What clubs, schools, etc. did you wrestle for?

Believe it or not both my brother and I lived in the L-M school district and open enrolled to Columbus. I wrestled for the Columbus Junction Youth Club under Doug Pugh and Andy Milder. Wrestled for Columbus in High School and a year at Coe College in Cedar Rapids.


What year did you graduate?

I graduated from Columbus in 2003.


Who or what encouraged you to give wrestling a try?

My cousin, Justin Scheef would have been the one who got us going. He placed 4th for Columbus in 95. Myself, my brother Brandon, Seth Pugh, and Zack Pugh are all first cousins and we were raised like brothers. It is something that we did together and shared. My mom took me to youth tournaments. It took some time for my Dad to become a fan. He was a basketball player. He evolved and is now a wrestling nut. I had a good support system. At that time it wasn’t hard to get excited about the CJ wrestling program. Doug Pugh had a good thing going with the youth program and the groundwork was being laid for years of success. Had it not been for Doug Pugh, my Uncle Lanny Pugh, and Andy Milder, I would not have stuck with wrestling.


Do you have any family who wrestled or wrestle currently? Parents, children, brothers, etc.? How did they do?

Brother Brandon Ball-Placed 7th and 1st in high school. All-American at Coe (4th)

Cousins: Seth Pugh-Placed 4th, 5th, and 1st. Wrestled at UNI and Coe

Zack Pugh-Placed 8th

Adam and Paul Reid-Placewinners at Fort Madison

Justin Scheef-Placed 4th for CJ in 95 (Wrestled at Ellsworth)

I have two daughters. They like to go to wrestling meets for the concession stands and candy. They are both into dance. Not interested in wrestling. I can see them as cheerleaders or statisticians.


What were your youth results? Any rivals there?

Not good. No rivalries because I didn’t win much. If you would have thrown a wet paper bag on my head I may have suffocated before fighting free. I didn’t have much for natural ability. I got to take beatings from Justin Swafford about every weekend. Also took beatdowns from Robbie McIntyre, Mack Reiter, and many many others. I never qualified for AAU and I am not sure that I ever won a match at AAU Districts.

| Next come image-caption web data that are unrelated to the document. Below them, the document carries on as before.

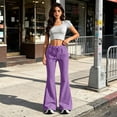 thumbnail image 5 of Resicozy Womens Flare Sweatpants Wide Leg Lounge Pants with Pockets 2026 Fall Travel Sweat Pants Drawstring Flare Leg Jogger Purple 2XL, 5 of 9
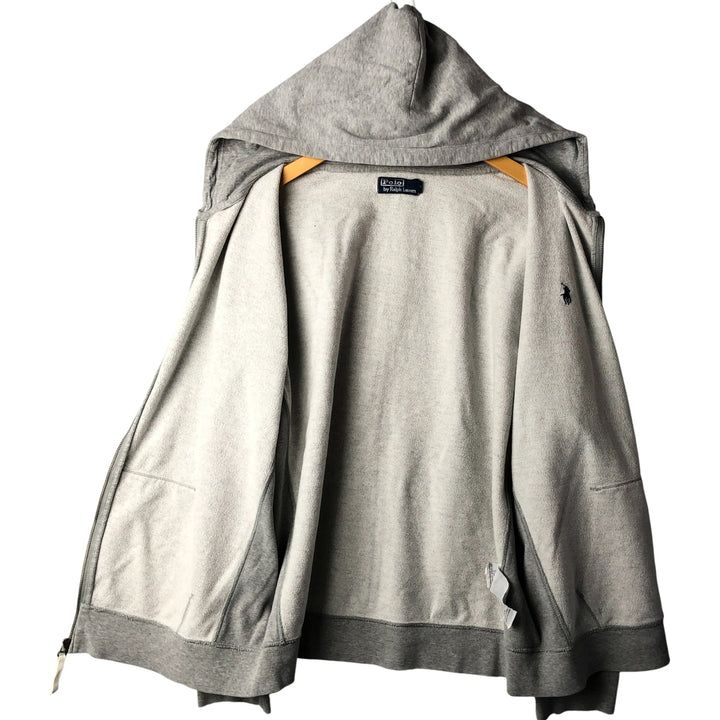 Ralph Lauren POLO by Ralph Lauren Sweat Full Zip Hoodie Men's XL cotton gray type Vintage Second Hand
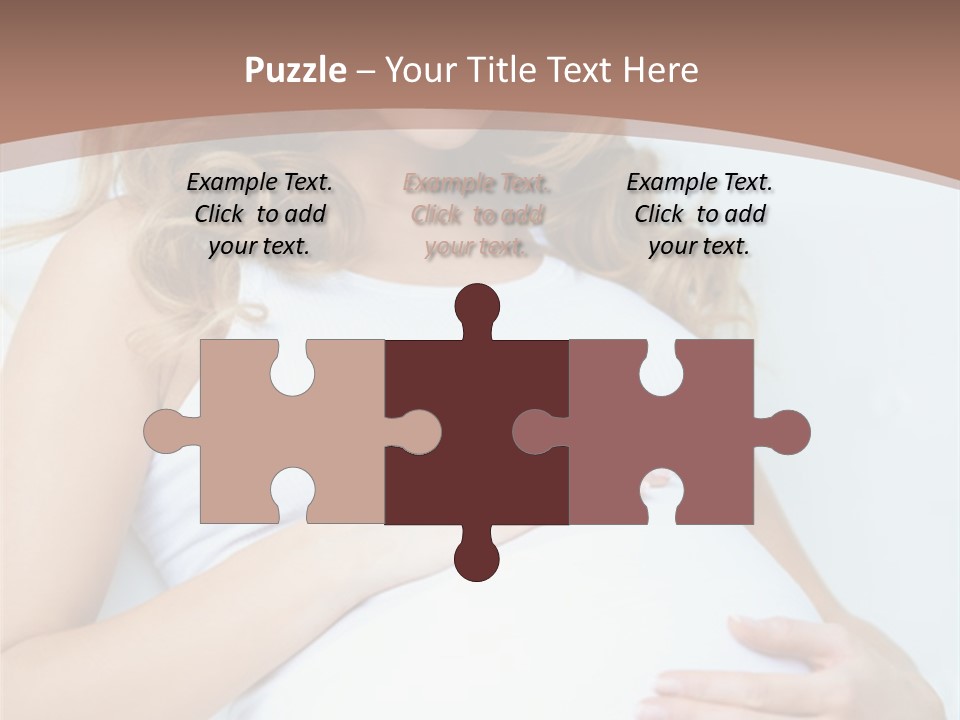 Pregnancy Woman Child PowerPoint Template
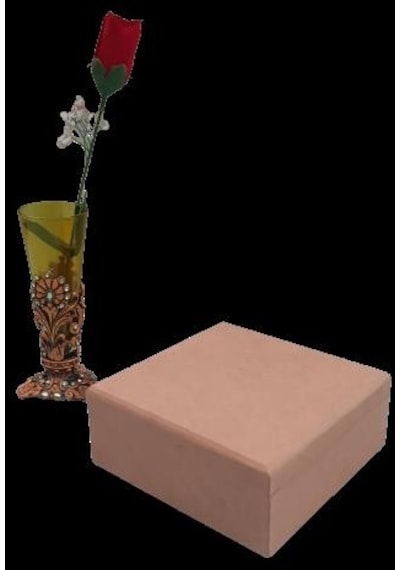 Hobi Dekoratif Model Öğrenci Ve Makyaj Kutu Ahşap MDF HAM El Yapımı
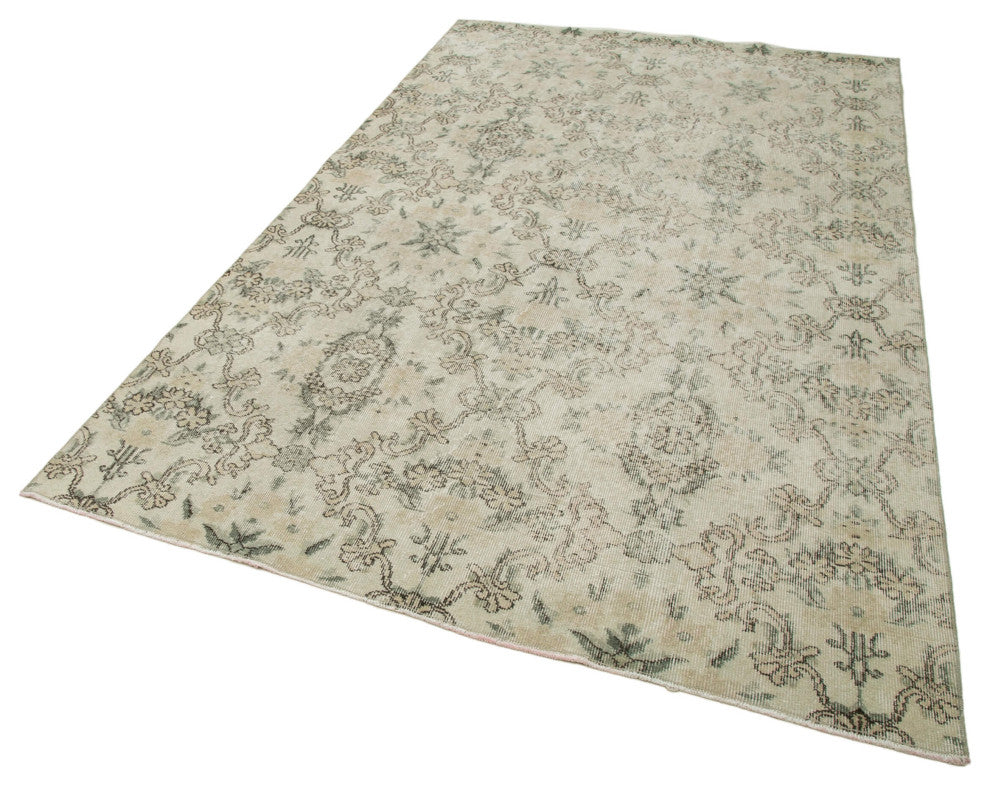 Rug N Carpet - Handmade Oriental 5' 8'' x 9' 0'' Unique Vintage Rug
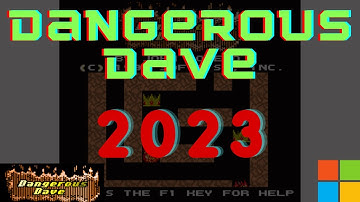 Playing Dangerous Dave PC Game in 2023  #gameplay #nostalgia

I went about every year. I remember one year I had five kids in my bracket at Districts. Just needed one win. Didn’t happen. My mom took me to all the youth tournaments. Through countless disappointments, she kept me going. I learned a ton about perseverance through my youth career.


What was your record in HS?



How did you place at state every year?

Qualified as a Soph

Placed 4th as a Junior and Senior


What were some of the most notable adverse challenges or moments you experienced in wrestling and how did it turn out?

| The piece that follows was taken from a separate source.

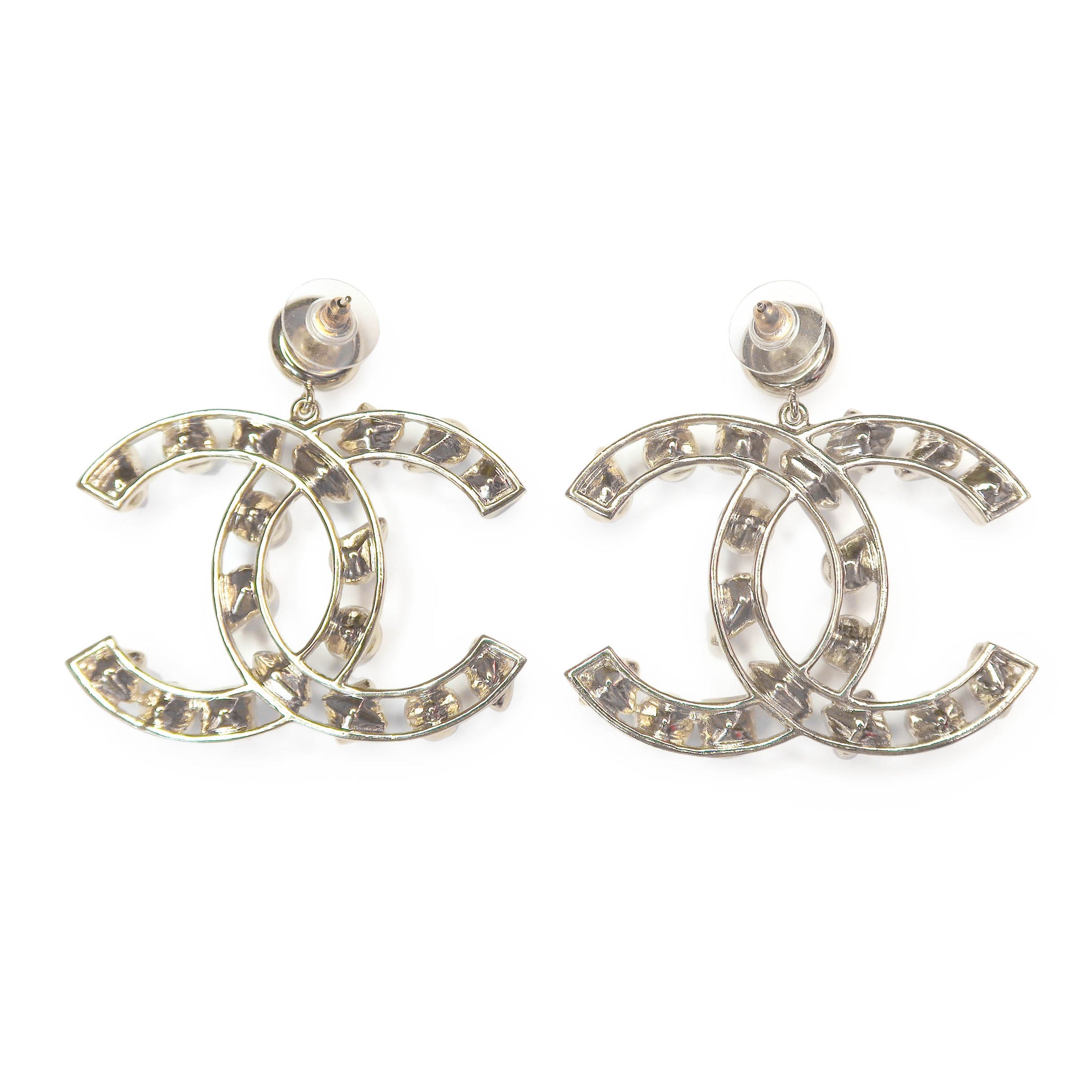 Top với hơn 60 về chanel cc logo drop earrings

I wasn’t a gifted athlete. I had to work for everything. I came into middle school with no confidence and just doing it because my friends and family expected me too. During 8th grade something clicked. Andy Milder is someone that I owe so much to.

I remember beating Jared Pierce from Wapello my freshman year after losing to him over and over in youth and then again that year in high school. That may have been my turning point.

As a sophomore I improved a ton. Had some battles with Spencer Manning and that year started the Roush battles. We wrestled Wilton that year in regionals. I remember Joe Storm and Dustin Bliven coming to me and telling me to not get pinned. I was pissed. Roush came out and took me down and cradled me in about 15 seconds. I fought off and ended up winning 14-11 or something like that. The reaction I got from the upperclassman was something I won’t forget.

My junior year was great until I got upset in the first round of state. I wrestled back to 3rd and 4th and lost to Roush for the first time in high school. I felt like I paved the way for a state championship run. Not the case.

My senior year was rough. I cut some weight and lost my confidence. It started with cross country. I ran a terrible race at Districts and didn’t qualify. After winning about every race that season. I went into wrestling and cut back to 103. Caleb Martin was an incoming freshman and I felt it was best for the team. He and I were best friends that year and ended up wrestling off for 103. It put some strain on our friendship but we worked through it. I love and miss that dude.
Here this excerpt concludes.